That said, I’m pretty sure essentially every cosmic Schelling norm has some adherents, if only few.
I’m quite pleased you saw this tweet and feel deeply understood by you mentioning it, as it absolutely applies here :)
Because metaethics considers spaces of norms, I’m using “norm” as a type, with some norms possibly having no adherents. So, “stealing is bad” is a norm, and “stealing is good” is also a norm, albeit with fewer adherents. Exactly one of those two norms is the cosmic Schelling norm regarding stealing, unless there is an exact 50⁄50 tie between the two, which seems extremely unlikely to me.
I think this usage fits with what it means to be “a” norm, and fits with other cases of conflict between norms, like “it’s good for women to vote” and “it’s bad for women to vote”, both of which are norms that have had non-zero support at various times and places in human history.

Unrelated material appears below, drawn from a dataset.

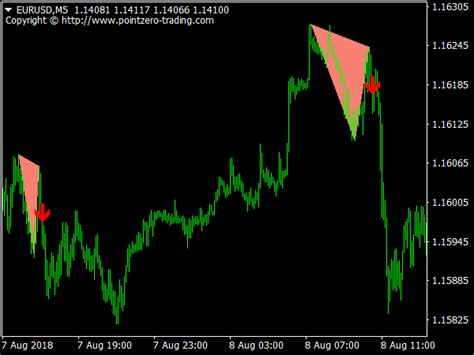 Double Top & Bottom Patterns Indicator ⋆ Best MT4 Indicators (.mq4 or .ex4) ⋆ Best-MetaTrader ...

Given this usage, does it makes sense to you now how the following four sets of beings can be different?
those beings who say “stealing is bad” is a cosmic Schelling norm, i.e. the cosmic Schelling answer to “Is stealing good or bad?”;
those beings who know with high confidence that “stealing is bad” is a cosmic Schelling norm (i.e., know that it’s the most common answer to the cosmic Schelling question of “Is stealing good or bad?”);
those beings who endorse “stealing is bad” being the cosmic Schelling norm; and
those beings who adhere to that norm to some degree, i.e., make some non-negligible general effort to avoid stealing, as opposed to the opposite.
I think if you can see the difference between those four sets, and how I am using “norm” as a type that defines a space of competing possibilities including both “stealing is bad” and “stealing is good”, then it should help clear some things up.
I’m still not very sure what you meant by “actual norm in reality”, if you didn’t mean “actually prevalent norm throughout the cosmos”, so LMK if I missed the point there.
I feel like the Cosmic Schelling Answer to “Should you act according to your own internal sense of morality, or according to the Cosmic Schelling Answer” is “you should act according to your own internal sense of morality” (this is because the argument is simpler, and also, IDK, it’s not like I actually need to coordinate with other cosmic civilizations that don’t exist right now).
But even not taking the frame as a given, I don’t really understand what I am supposed to do with this concept. Like, why would I want to behave according to Cosmic Schelling Morality? I would like to behave according to my all-things-considered morality, and expect other agents to do the same, which in some circumstances means I want to act in accordance with simple-to-identify Schelling points, and in other cases means I want to pursue my personal interests intently.
Sounds pretty reasonable to me! Intentionally not considering stuff is fraught.
FWIW this also sounds pretty correct/healthy to me.
I need two points of clarification to answer your questions:
Whose morality would you like me to use as defining the “supposed” here? My guess at yours? My own? Something else?
I’m not sure what you mean by ’behave according to cosmic Schelling morality”. Do you mean
a) consider it at all?
b) consider it as the only determinant of your behavior?
c) something else?
Your best guess at my own! I.e. I am pretty sure you think something good will happen to me (by my own lights) if I learn about this, and I have some vague pointers for what that might be, but my guess is you have thought more about it and could explain more (right now I have thought about it for like the 15 minutes that it took me to read the post, which was a good use of my time, but I don’t currently expect by default to come back to it).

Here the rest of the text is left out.